After this, I went for a six mile run. The six mile run didn’t last nearly as long as the Maclure – just about exactly one-third as long, to be exact – but it came after the Maclure, and thus wasn’t as much fun as I would have liked for it to be.

For one thing, I’m on Atkins, which means that I’m carbohydrate-deficient. Now, during the ride, I had two GUs and a Monster, but I didn’t think to take in any carbs between the ride and the run, and the run was outside, from Jeremy Ranch to Kimball Junction. During the first quarter of the run, I felt a little wobbly, but figured that that was because I had just come off of a hard three hour ride.

During the second quarter of the run, I started seeing things a little funny, and figured that I must be “bonking”, as endurance athletes say – running on empty; needing some sugar; getting stupid. I figured that I’d turn around at the Red Roof Church at the Junction, and go into the kitchen and see if anybody had left any cookies.
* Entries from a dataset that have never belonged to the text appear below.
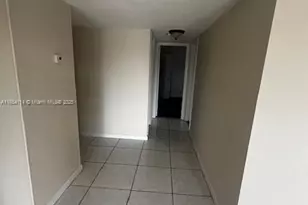 4160 Inverrary Dr, Lauderhill, FL 33319 - Photo 19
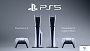 картинка Приставка Sony Playstation 5 CFI-2016A - превью 6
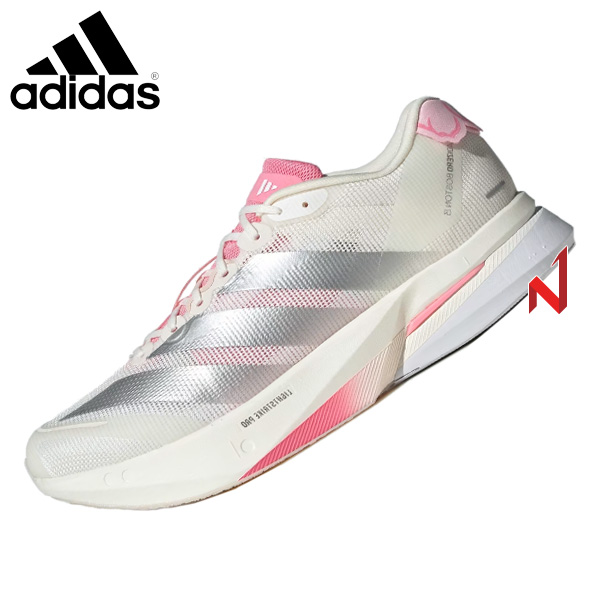 2026아디다스 러닝화 아디제로 보스턴 13 JQ9666 남성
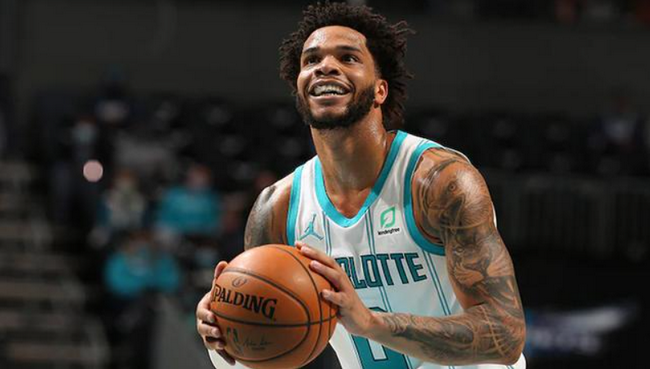 在小比分的 在小比分的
The Red Roof Church was closed.

Halfway back to Jeremy Ranch, I pulled over to potty and drink at the RV park, and saw that they had a gumball machine; if I could have found a human being, I would have begged them for a dime (“brother, can you spare a dime?”) and gotten a gumball. I did not see any human beings. I even went into the laundromat and looked around on the floor, hoping that somebody had dropped some change…no luck.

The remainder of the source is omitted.